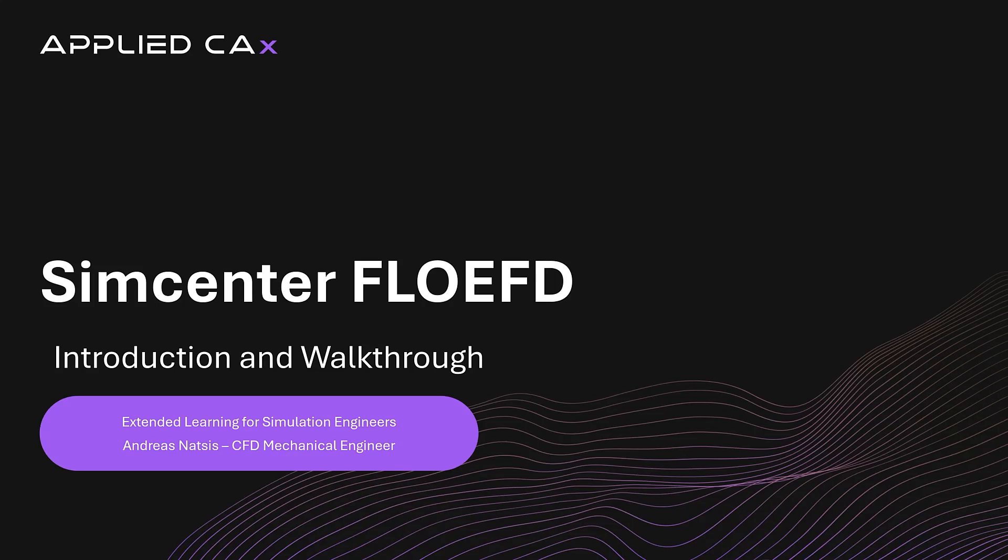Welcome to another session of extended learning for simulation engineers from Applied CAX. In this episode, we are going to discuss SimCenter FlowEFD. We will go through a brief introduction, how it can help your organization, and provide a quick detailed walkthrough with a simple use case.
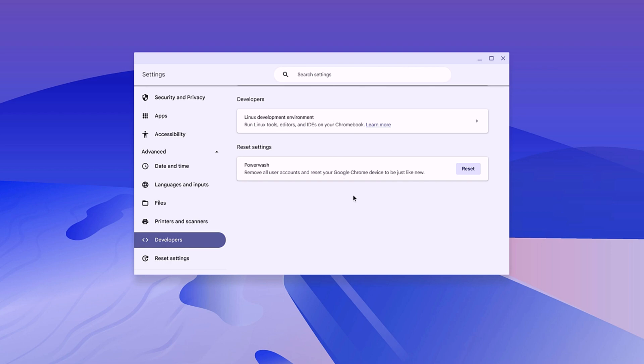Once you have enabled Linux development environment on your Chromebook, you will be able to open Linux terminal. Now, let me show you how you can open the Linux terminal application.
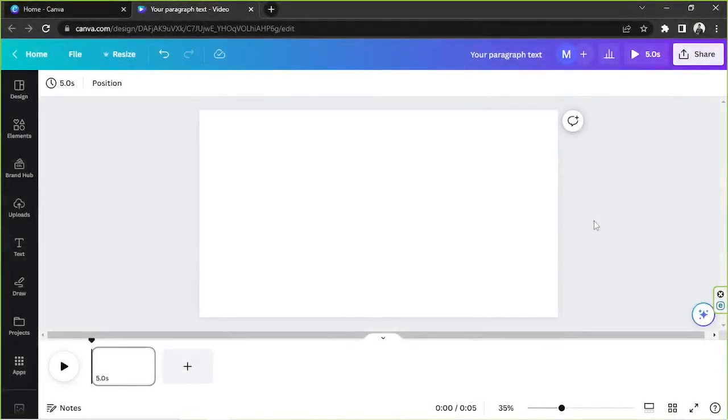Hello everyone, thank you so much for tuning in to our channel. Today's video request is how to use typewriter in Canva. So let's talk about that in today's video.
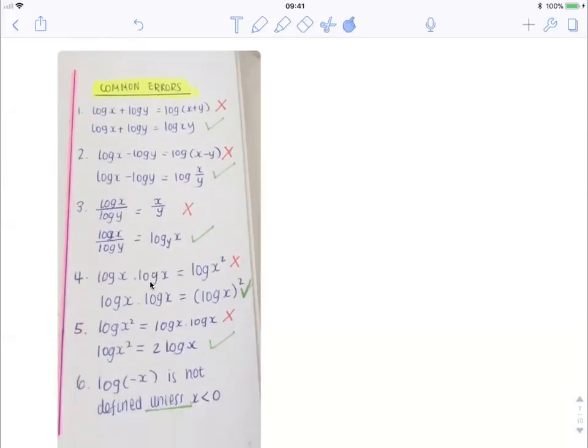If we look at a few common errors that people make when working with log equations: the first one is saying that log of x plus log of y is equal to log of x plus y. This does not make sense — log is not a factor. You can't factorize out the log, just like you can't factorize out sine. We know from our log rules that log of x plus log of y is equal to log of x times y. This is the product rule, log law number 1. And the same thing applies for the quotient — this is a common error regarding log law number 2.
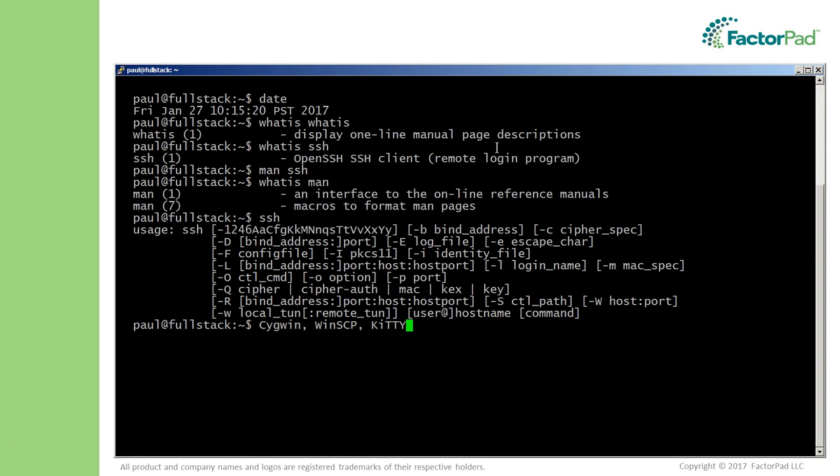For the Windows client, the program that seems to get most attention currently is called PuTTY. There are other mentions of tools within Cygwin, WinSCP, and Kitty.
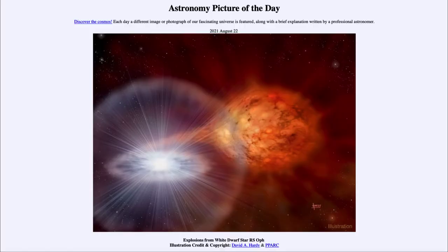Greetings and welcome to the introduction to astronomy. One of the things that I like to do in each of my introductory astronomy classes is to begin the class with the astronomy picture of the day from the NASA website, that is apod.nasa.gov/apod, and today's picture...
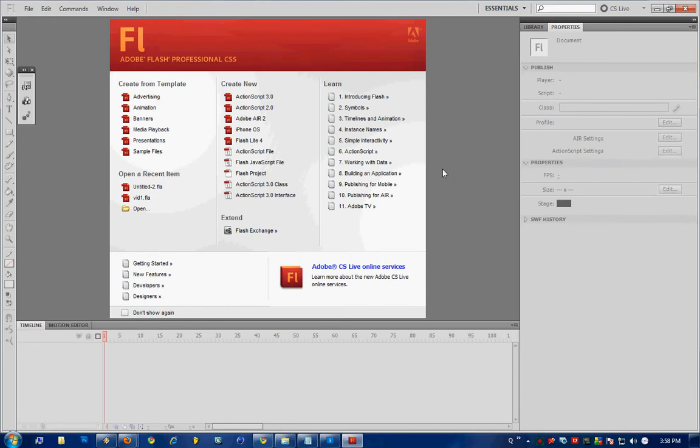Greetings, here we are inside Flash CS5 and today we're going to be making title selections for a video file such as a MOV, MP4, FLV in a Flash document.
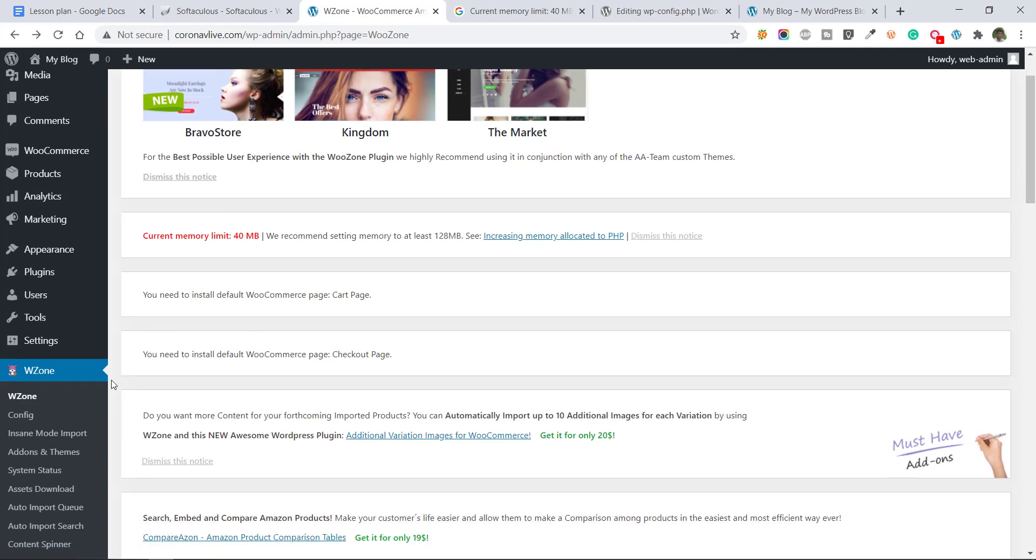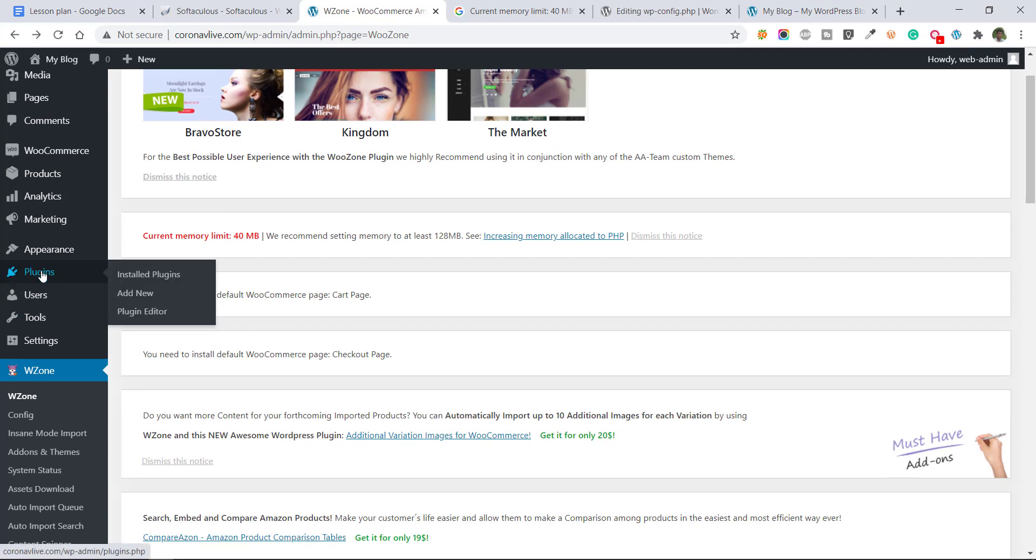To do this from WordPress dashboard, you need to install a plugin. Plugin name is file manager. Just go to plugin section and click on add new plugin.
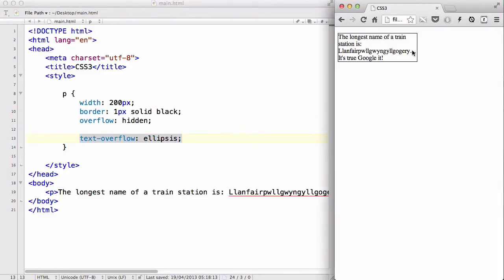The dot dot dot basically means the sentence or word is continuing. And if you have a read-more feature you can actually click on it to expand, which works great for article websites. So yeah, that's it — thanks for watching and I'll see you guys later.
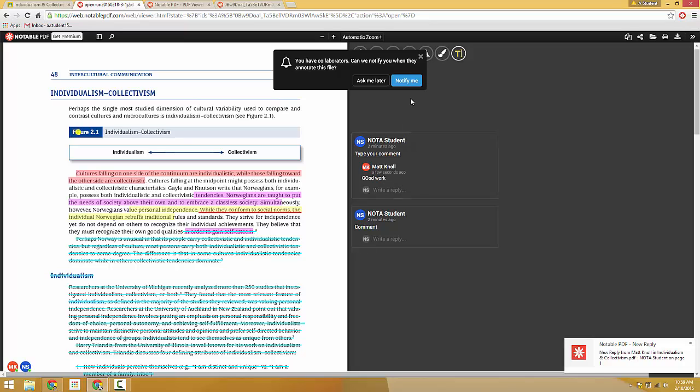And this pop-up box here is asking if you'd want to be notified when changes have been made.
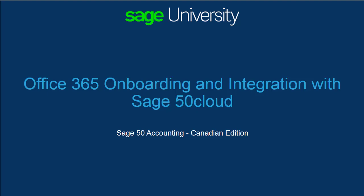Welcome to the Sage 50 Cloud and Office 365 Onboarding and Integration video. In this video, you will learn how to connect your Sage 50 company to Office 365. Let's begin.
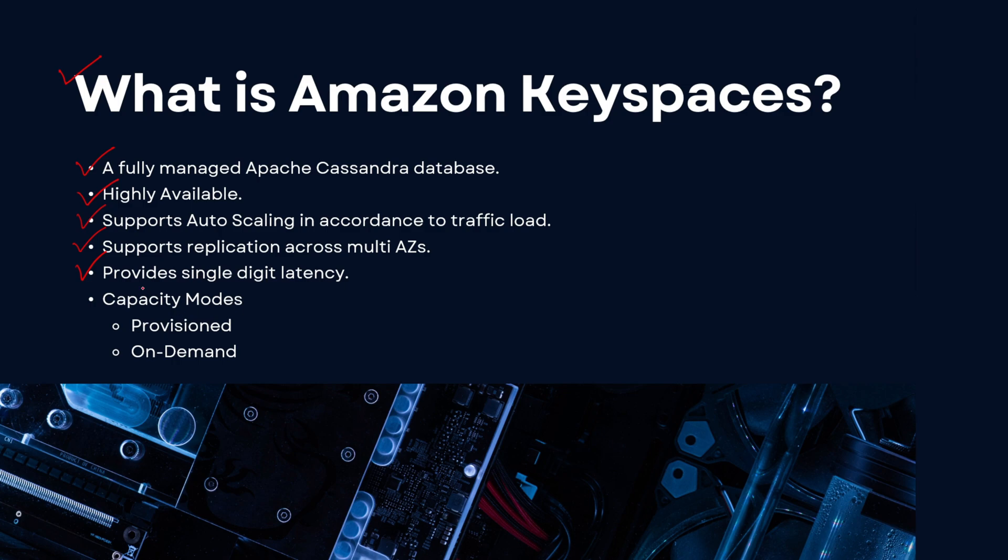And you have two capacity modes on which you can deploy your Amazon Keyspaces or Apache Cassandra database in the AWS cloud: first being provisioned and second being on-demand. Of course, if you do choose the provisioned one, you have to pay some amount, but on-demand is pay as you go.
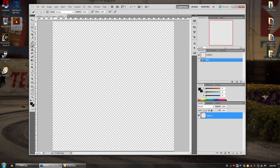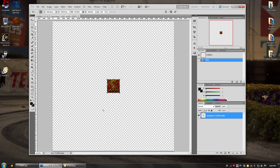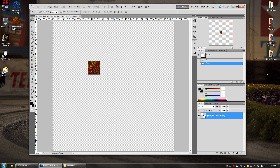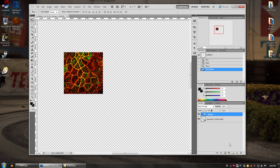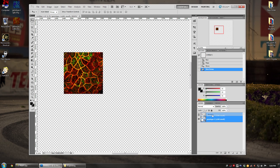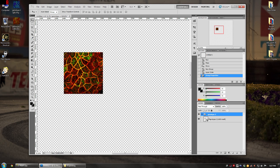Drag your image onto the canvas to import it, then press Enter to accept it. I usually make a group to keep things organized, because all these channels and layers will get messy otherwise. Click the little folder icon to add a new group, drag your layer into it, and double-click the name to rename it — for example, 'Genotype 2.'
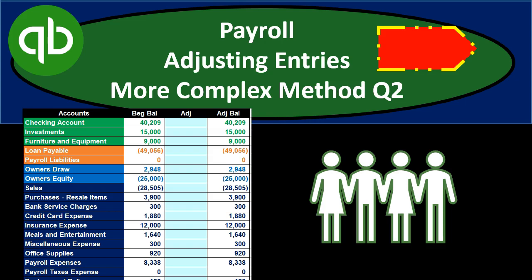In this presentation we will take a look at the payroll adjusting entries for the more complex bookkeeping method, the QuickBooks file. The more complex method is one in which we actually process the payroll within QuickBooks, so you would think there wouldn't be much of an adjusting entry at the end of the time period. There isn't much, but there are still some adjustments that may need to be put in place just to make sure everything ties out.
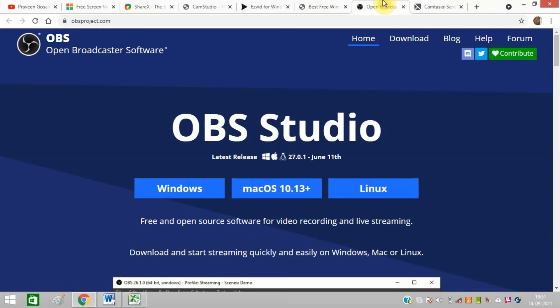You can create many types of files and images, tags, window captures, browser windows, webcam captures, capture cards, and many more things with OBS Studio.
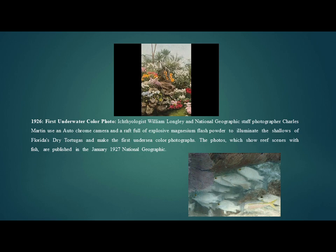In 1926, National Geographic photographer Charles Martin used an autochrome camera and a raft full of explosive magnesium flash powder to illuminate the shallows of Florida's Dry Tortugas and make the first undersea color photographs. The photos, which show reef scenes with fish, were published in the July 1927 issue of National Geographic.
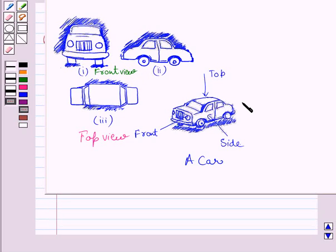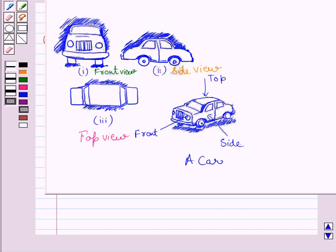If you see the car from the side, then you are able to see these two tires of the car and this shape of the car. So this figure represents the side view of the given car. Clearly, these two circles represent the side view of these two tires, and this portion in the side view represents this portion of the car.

□ □ □ □ □ □ □

Leaving pictures out, output the lines of the data above from the one with "Once you have" through the one with "If we look at", word for word.

Once you have enabled Linux development environment on your Chromebook, you will be able to open Linux terminal. Now, let me show you how you can open the Linux terminal application.
Hello everyone, thank you so much for tuning in to our channel. Today's video request is how to use typewriter in Canva. So let's talk about that in today's video.
If we look at a few common errors that people make when working with log equations: the first one is saying that log of x plus log of y is equal to log of x plus y. This does not make sense — log is not a factor. You can't factorize out the log, just like you can't factorize out sine. We know from our log rules that log of x plus log of y is equal to log of x times y. This is the product rule, log law number 1. And the same thing applies for the quotient — this is a common error regarding log law number 2.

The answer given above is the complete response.